April 26, 2024

Showdown Looms Over Cyprus Bailout Deal

BRUSSELS — Finance ministers from euro area countries arrived here Friday as a showdown loomed with the International Monetary Fund over the size of a rescue deal for Cyprus seen as critical to the stability of the single currency.

The talks could stretch into the weekend, with finance ministers expected to seek to keep a lid on the overall costs of the rescue plan and with Christine Lagarde, the president of the I.M.F., expected to push for a deal that is generous enough to enable Cyprus eventually to pay the money back.

The Cypriot authorities want a plan that ensures that the island remains attractive to investors, who include many Russians with large deposits in the country’s banks.

Arriving at the meeting, Ms.
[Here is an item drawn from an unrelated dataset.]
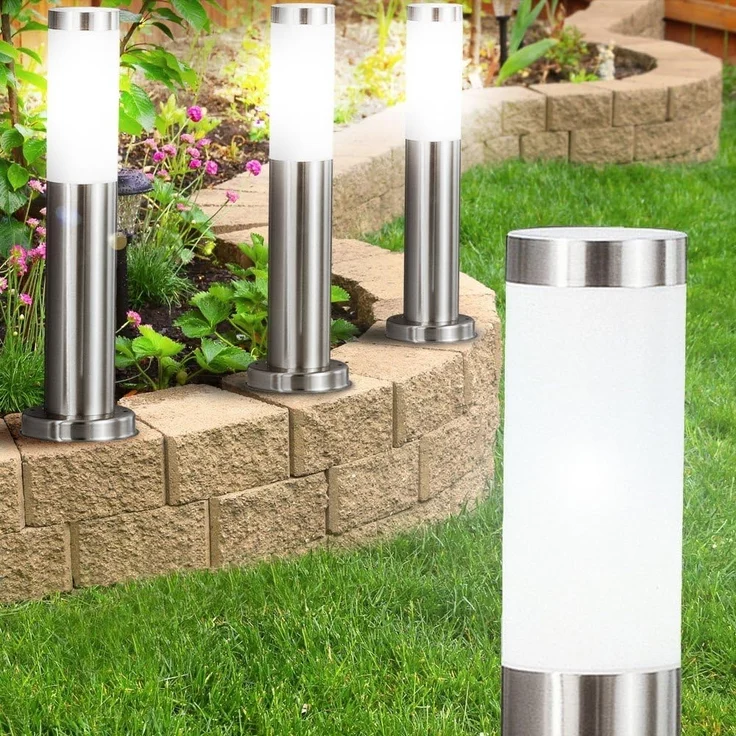 Stehlampe, Edelstahl, H 45 cm, BOSTON – Bild 9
Lagarde was blunt about the need for ministers to agree to a realistic package of measures. “All I know is that we don’t want a Band-Aid,” she said. “We want something that lasts, something that is durable and that will be sustainable.”

The key to a breakthrough is finding a way to bring down the size of any bailout package, estimated at about €17 billion, or $22 billion. That is a small amount compared with the rescue deal for Greece, but almost as much as Cyprus’s gross domestic product, which is about €18 billion.

European governments and the I.M.F. were expected to structure a bailout so that creditors including the European Central Bank reached a deal closer to a figure between €10 billion and €13 billion.

Jeroen Dijsselbloem, the president of the Eurogroup, which gathers finance ministers from countries in the euro zone, refused to speculate about the size of the deal as he arrived on Friday.

“I know what my main goals are,” said Mr. Dijsselbloem, adding that they were to make “sure that there is stability in the euro zone and that there is a new sustainable growth path possible for Cyprus.”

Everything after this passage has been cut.